Please register online to confirm your attendance: Left Forum Registration. We’re charging 5 euro to pay for room booking, childcare and refreshments. If you’d like to confirm attendance but don’t have a payment method, you can email us to book your slot.
Also, if you have an idea for a specific discussion you’d be interested in hosting or attending, please respond as soon as possible.
The Left Forum is a party-independent initiative aiming to establish greater cooperation among the Left in Ireland. As we wrote in our initial call-out:
“We have had five years of crisis, five years where no alternative has been able to win support despite the obvious failures of the current political and economic regime, with serious human and environmental consequences.
Can we do better? Can the Left win widespread support for our ideas and build an alternative society? Can we make socialism more than a nice idea? The Left Forum invites you to contribute your views on the state of progressive politics and to discuss how we can do better.”
We’re hoping to have a day of honest and productive discussion on both broad and narrow issues so we can develop insights and make practical conclusions.
The full timetable is attached and the afternoon will have meetings planned on topics such as Left Media, Student Organising, Housing activism and Progressive Policy ideas, with more to follow. Again, please let us know if there’s a topic that you’d like to organise a discussion on.
We look forward to seeing you all then,
Left Forum Organisers
Final Agenda for the First Left Forum
The Left Forum will be divided into three main parts. The first section, the deliberative section, will see the agenda discussed in small groups of approximately six to ten attendees which will be chaired by a convenor. At the lunch break the convenors will meet to discuss if there seems to be a consensus from the discussions that can be formed into a document.
The second part of the process will take place after lunch which will be a plenary session involving all present. If possible the document will be presented, amended by attendees and voted on. If not possible a vote will be taken on whether to continue the process.
The third part of the forum will see a number of focused discussion groups around specific areas for example economics, trade unions and left media. This will be an opportunity to build networks of activists and those interested in the topics and develop ways that attendees may work together in the future. If agreed the convenors of the focused sessions will carry the work forward. Attendees are free to propose topics for focus discussions either in advance or at the forum.

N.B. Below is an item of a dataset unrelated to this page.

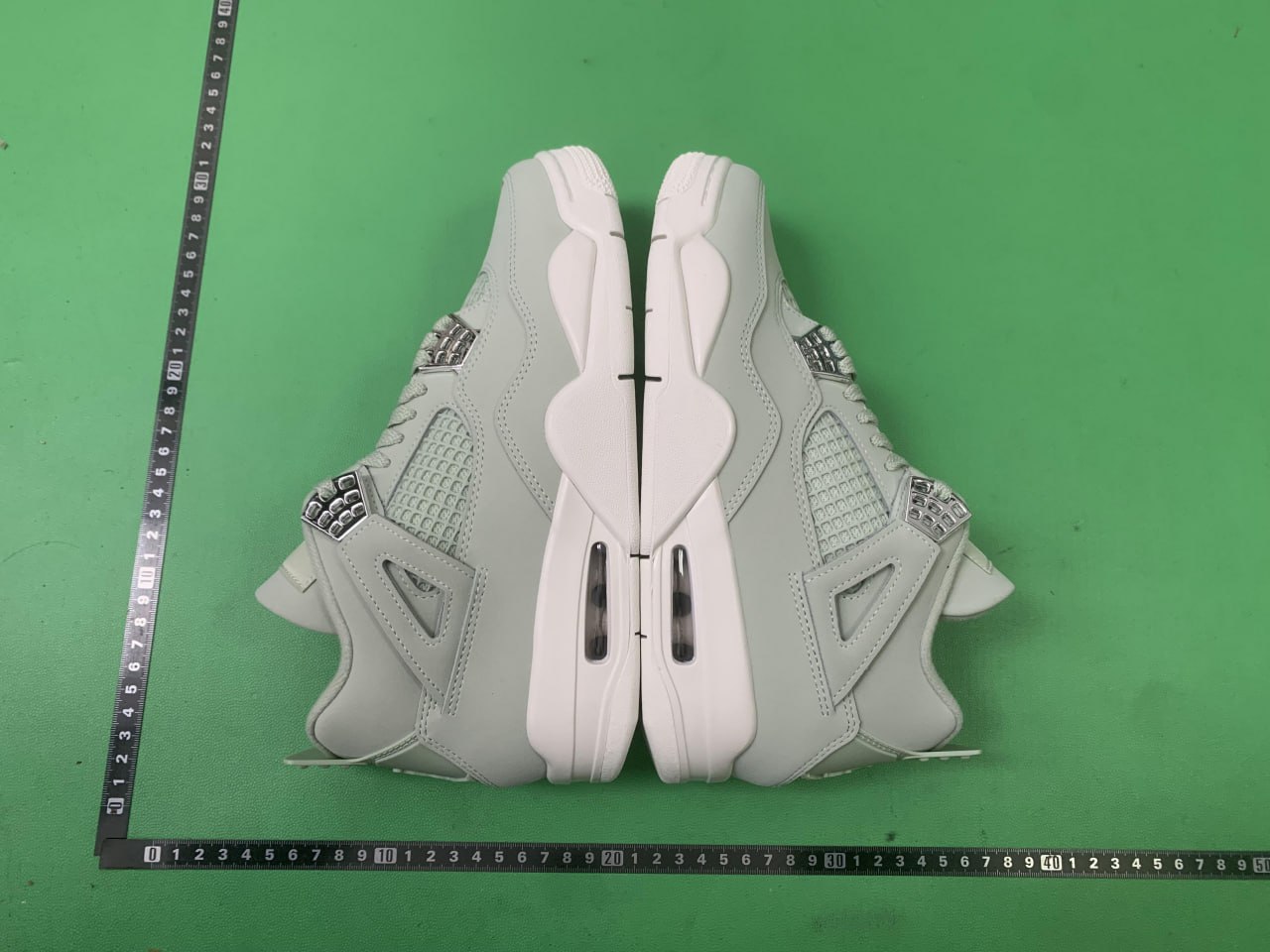  Jordan 4 - 3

11.00am- 11.15am – Registration and seating.
11.15am – 11.30am – Brief Introduction and explanation of the process.
11.30am – 1.00pm – Deliberation on questions below using tables of 10 randomly assigned participants. Chaired by convenor with more detailed agenda.
1 Who is the Left?
2 What can the Left realistically hope to achieve in the short, medium and long term?
3 How and where do we achieve these aims?
4 What sort of left organisations can help us achieve our goals
1.00pm-2.00pm – Lunch. Conveners meet, discuss outcome of deliberation discussions prepare document for plenary session
2.00pm – 3.00 pm – Plenary session – document shown numbered on projected screen. Attendees have opportunity to discuss document in single town hall style meeting, offer amendments etc. If agreed vote on the document, if not vote to continue process.
3.00pm- 3.15pm – Coffee break and organise tables of pre-arranged focused discussions i.e trade unions, education, media, – also allow space for anyone to set up table for any other issue they wish to discuss.
4.15pm-5.30pm – Focused Discussions –The focus of these discussions are to get people together, and may be of a more practical nature. And hope to establish networks for future work together. Each discussion group if decided will elect a convenor to carry on the process after the event.
Focus Discussions will take place on the following areas:
Left/Alternative/Community Media; Youth Issues; Housing; Economics and Policy; Education
(more may follow at a later date)
5.30pm Closing remarks, based on outcomes of deliberation and focused discussions (If a document has been agreed from deliberation and plenary). There can be brief report back from focused discussions conveners.